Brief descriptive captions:

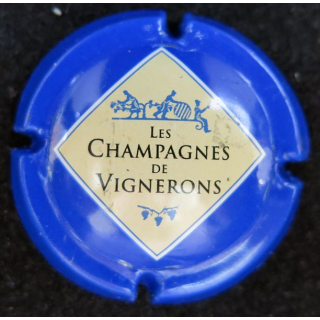 Capsule Muselet LES CHAMPAGNES DE VIGNERONS n° 665b tonneau strié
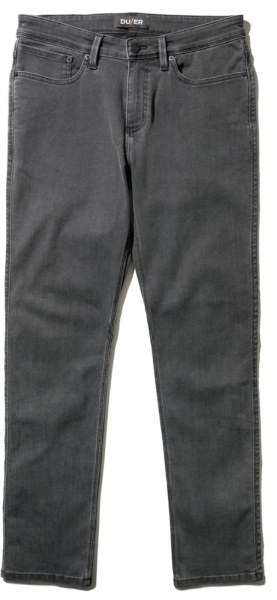 Duer Performance Denim Relaxed Fit Vaqueros Tapered Hombre Gris Rei Co-op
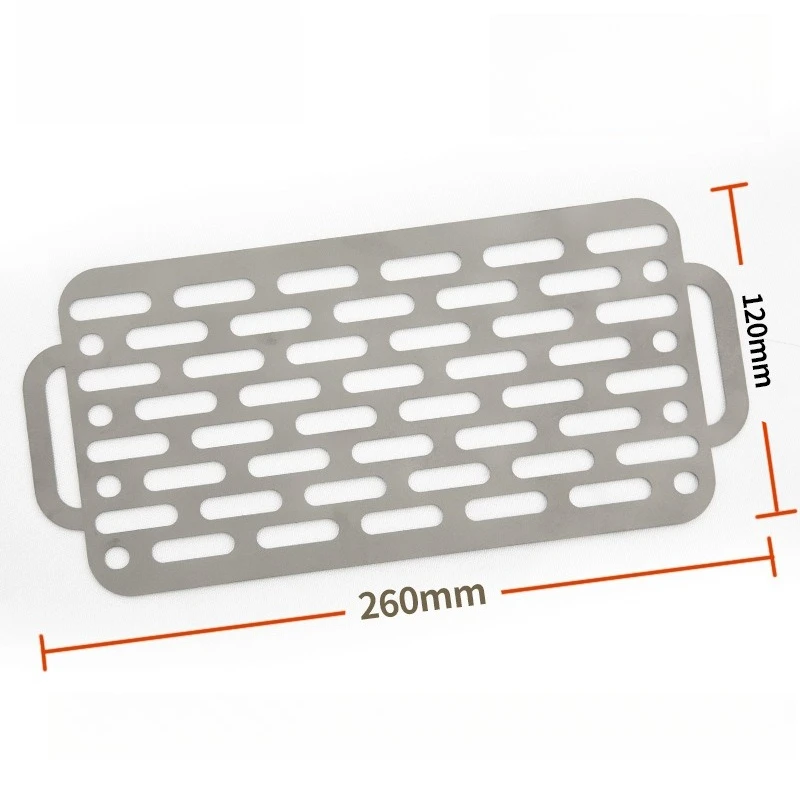 Pure Titanium Grill Mesh for Outdoor BBQ Picnic Reusable Non-Stainless Steel Cooking Grid for Fish Meat Lightweight Camping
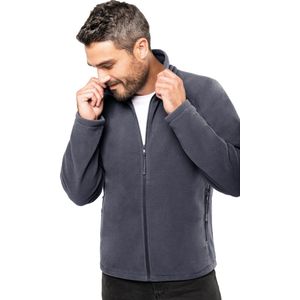Kariban Fleece vest - donkergrijs - rits - warme winter sweater - trui - heren - polyester L
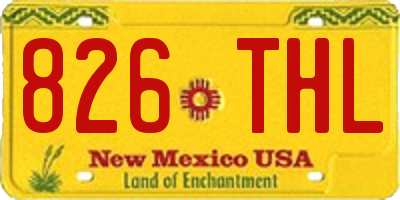 NM license plate 826THL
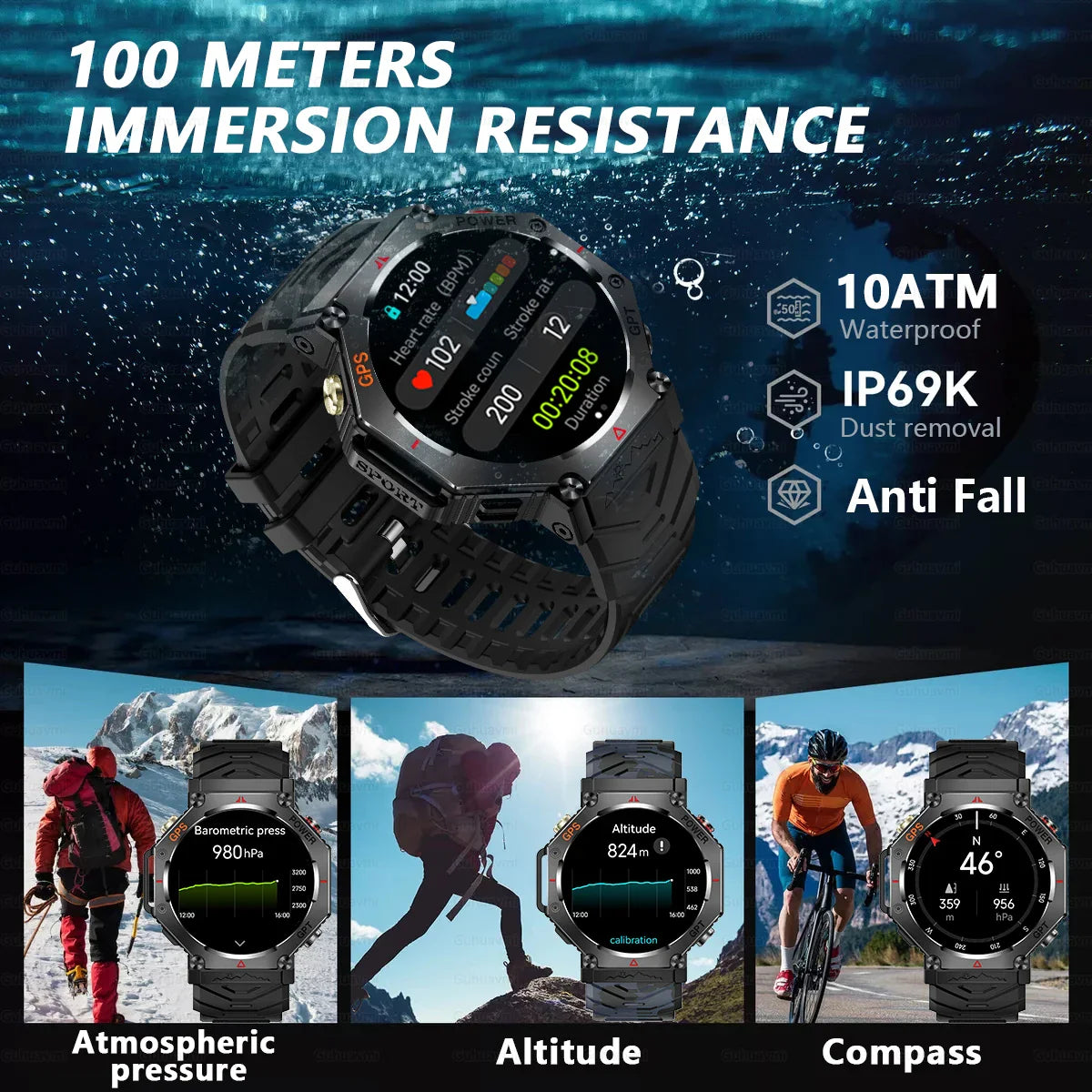 T-Rex 3 | Rugged Smartwatch with GPS & AMOLED Display | Waterproof for Outdoor Adventures 3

Exercise aim: What you return must match the records above exactly, minus any images.

Response area:
 Capsule Muselet LES CHAMPAGNES DE VIGNERONS n° 665b tonneau strié
 Duer Performance Denim Relaxed Fit Vaqueros Tapered Hombre Gris Rei Co-op
 Pure Titanium Grill Mesh for Outdoor BBQ Picnic Reusable Non-Stainless Steel Cooking Grid for Fish Meat Lightweight Camping
Kariban Fleece vest - donkergrijs - rits - warme winter sweater - trui - heren - polyester L
 NM license plate 826THL
 T-Rex 3 | Rugged Smartwatch with GPS & AMOLED Display | Waterproof for Outdoor Adventures 3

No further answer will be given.